**What you will do**
Pictures stay out; everything else in the records below is to be repeated exactly.

**Data to examine**
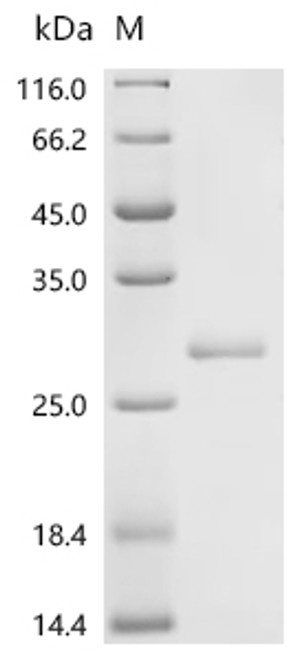 Recombinant Mouse Gamma-interferon-inducible lysosomal thiol reductase (Ifi30) (CSB-EP872152MO)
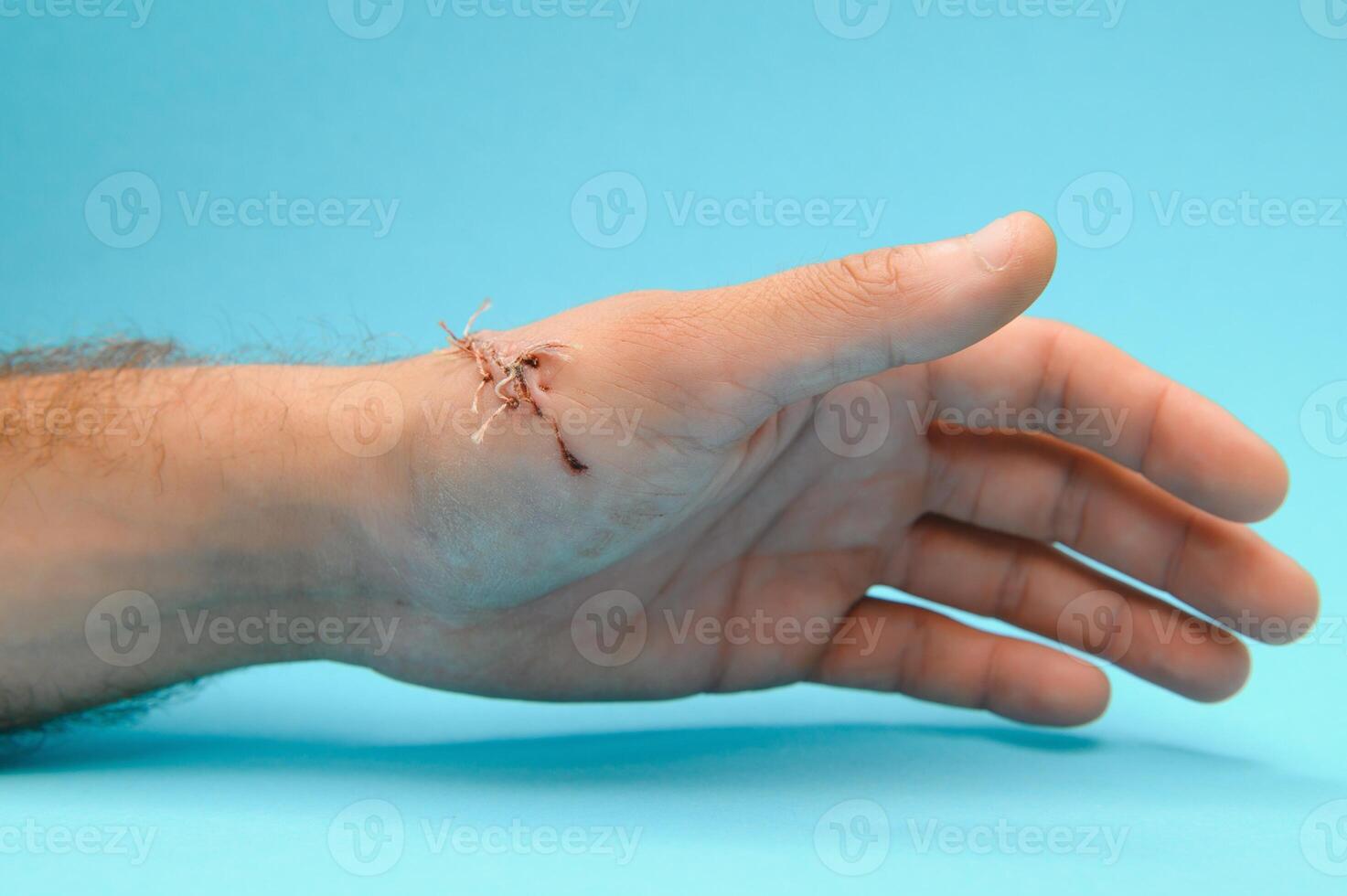 Close-up of a hand wound with stitches photo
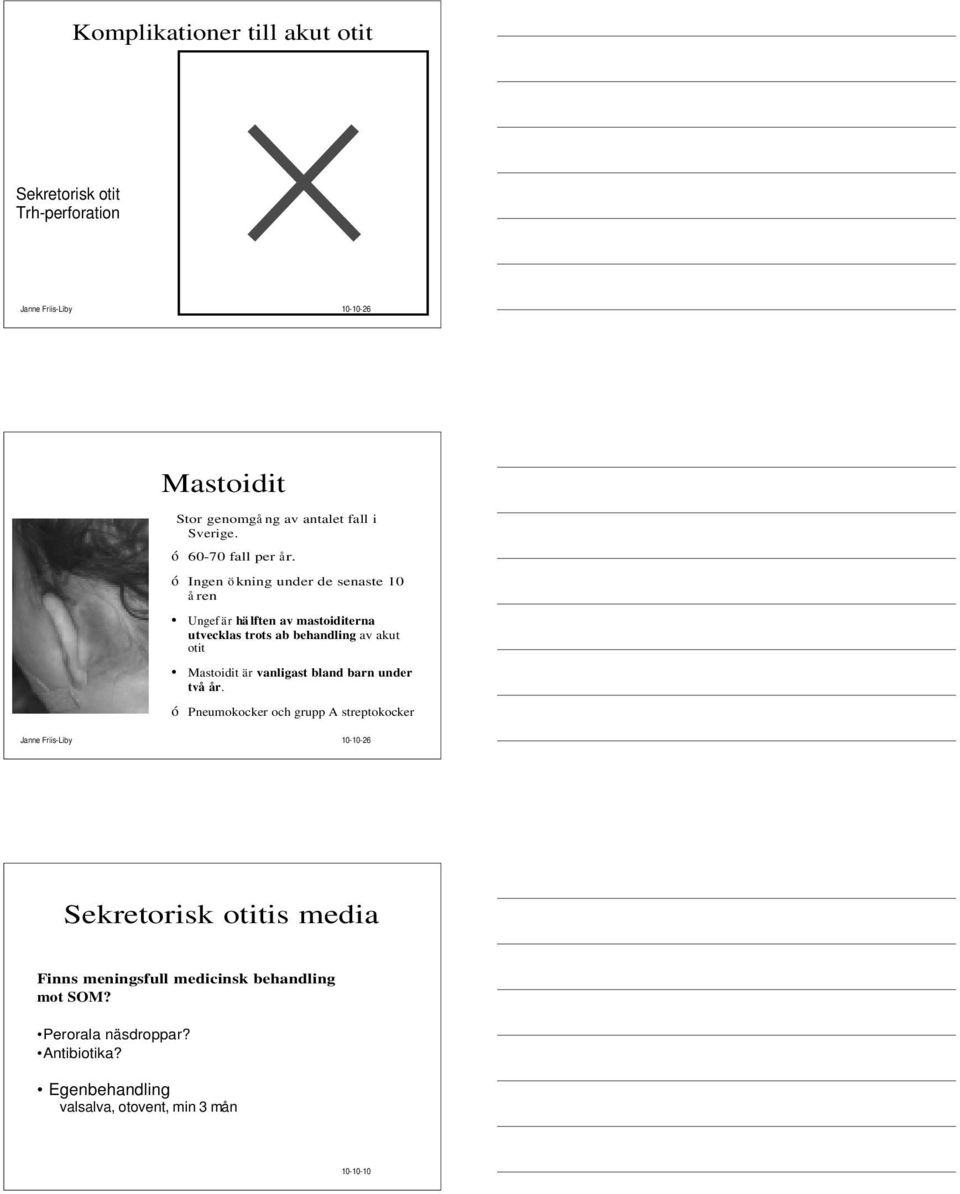 ó Ingen ö kning under de senaste 10 å ren Ungef är hä lften av mastoiditerna utvecklas trots ab behandling av akut otit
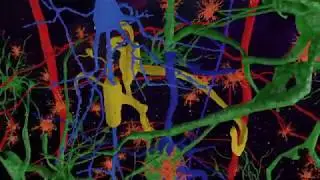 Demyelinating disease. White matter changes.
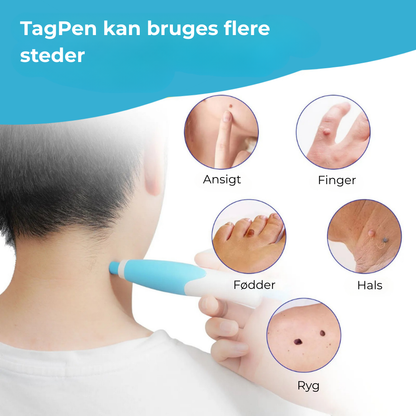 ClearSkin™ Pen – Sikker fjernelse af hudmærker!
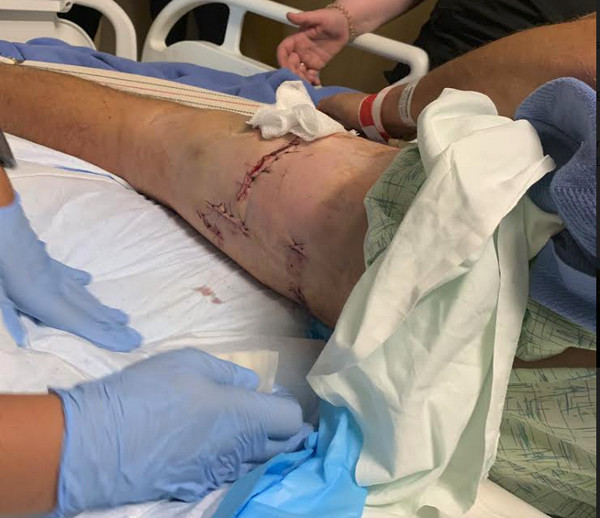 Victim's sutured leg after grizzly bear attack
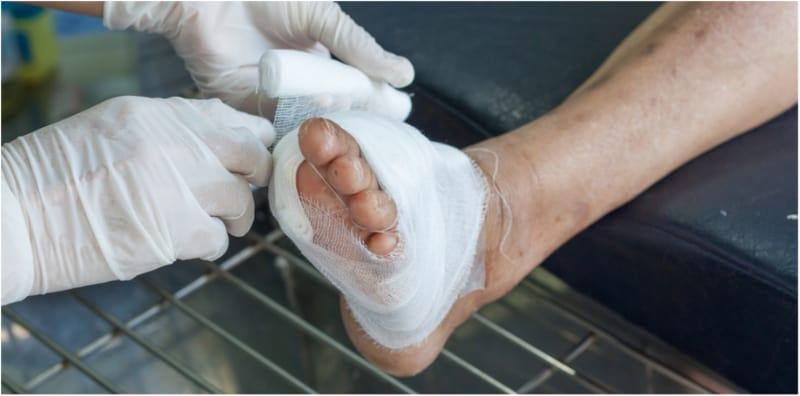 Ada 2 Sebab Kenapa Luka Diabetes Lambat Sembuh, Boleh Bernanah Kalau Terus Dibiarkan!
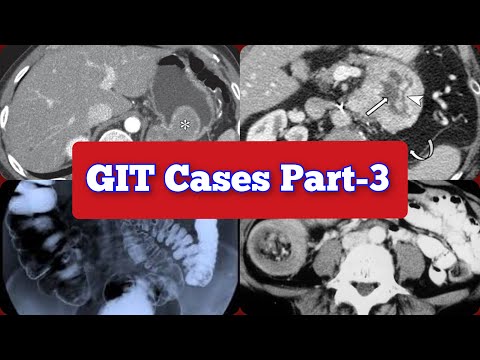 Radiology Viva Cases # 336-342 | Gastrointestinal (GIT) Cases Part-3 #medical #radiology #ultrasound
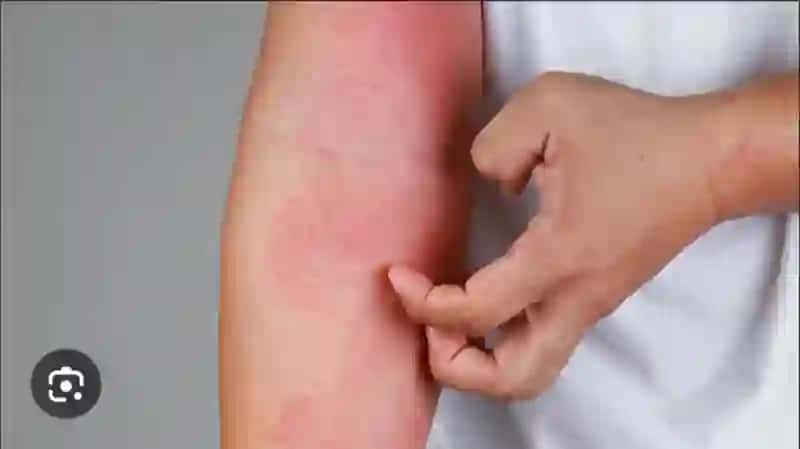 Dermatitlar. Toksikodermiya. Ekzema. 3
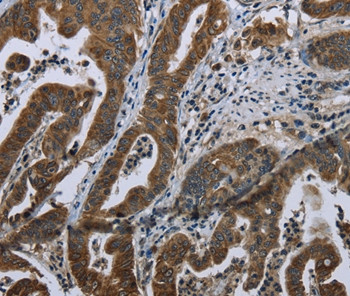 BRINP1 Antibody in Immunohistochemistry (Paraffin) (IHC (P))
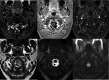 Fig 3.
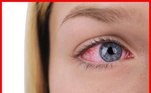 Caso o diagnóstico de alergia
ocular seja confirmado, evite esfregar os olhos ou lavá-los com soro fisiológico pois o sal do soro irrita ainda mais os olhos. Aplicar compressas frias sobre
os olhos fechados pode ajudar no desconforto, mas é preciso uma consulta ao
oftalmologista para tratamento adequado. Vale ressaltar que a alergia
ocular pode evoluir se não for tratada da maneira certa, trazendo algumas
complicações para a visão como úlceras, formação de placas e surgimento de
vasos anormais na periferia da córnea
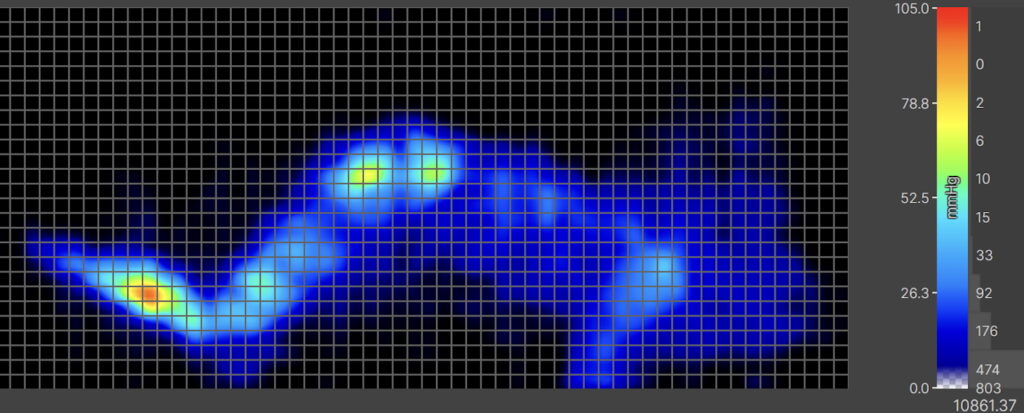 Our pressure map for the Saatva. It shows a thermal graphic of an average-weight sleeper lying on their side. The map is mostly blue, with some flares of yellow at the hips, indicating moderate pressure buildup in this area.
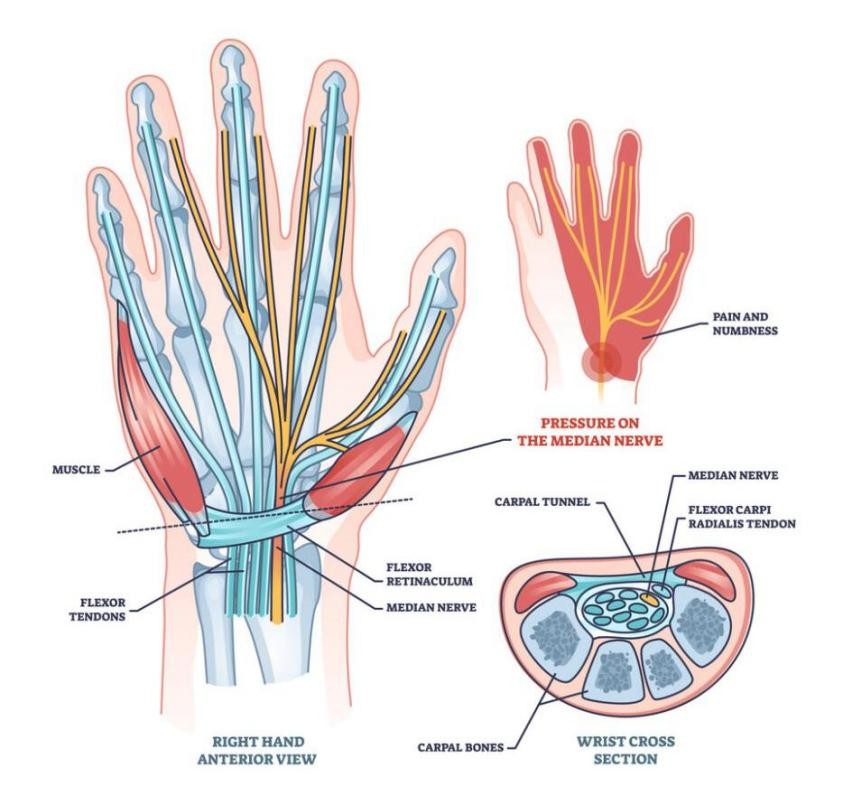 Skeletni detajli zapestja na rentgenu, fokus na karpalnem kanalu in medianem živcu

**Output for this task**
 Recombinant Mouse Gamma-interferon-inducible lysosomal thiol reductase (Ifi30) (CSB-EP872152MO)
 Close-up of a hand wound with stitches photo
 ó Ingen ö kning under de senaste 10 å ren Ungef är hä lften av mastoiditerna utvecklas trots ab behandling av akut otit
 Demyelinating disease. White matter changes.
 ClearSkin™ Pen – Sikker fjernelse af hudmærker!
 Victim's sutured leg after grizzly bear attack
 Ada 2 Sebab Kenapa Luka Diabetes Lambat Sembuh, Boleh Bernanah Kalau Terus Dibiarkan!
 Radiology Viva Cases # 336-342 | Gastrointestinal (GIT) Cases Part-3 #medical #radiology #ultrasound
 Dermatitlar. Toksikodermiya. Ekzema. 3
 BRINP1 Antibody in Immunohistochemistry (Paraffin) (IHC (P))
 Fig 3.
 Caso o diagnóstico de alergia
ocular seja confirmado, evite esfregar os olhos ou lavá-los com soro fisiológico pois o sal do soro irrita ainda mais os olhos. Aplicar compressas frias sobre
os olhos fechados pode ajudar no desconforto, mas é preciso uma consulta ao
oftalmologista para tratamento adequado. Vale ressaltar que a alergia
ocular pode evoluir se não for tratada da maneira certa, trazendo algumas
complicações para a visão como úlceras, formação de placas e surgimento de
vasos anormais na periferia da córnea
 Our pressure map for the Saatva. It shows a thermal graphic of an average-weight sleeper lying on their side. The map is mostly blue, with some flares of yellow at the hips, indicating moderate pressure buildup in this area.
 Skeletni detajli zapestja na rentgenu, fokus na karpalnem kanalu in medianem živcu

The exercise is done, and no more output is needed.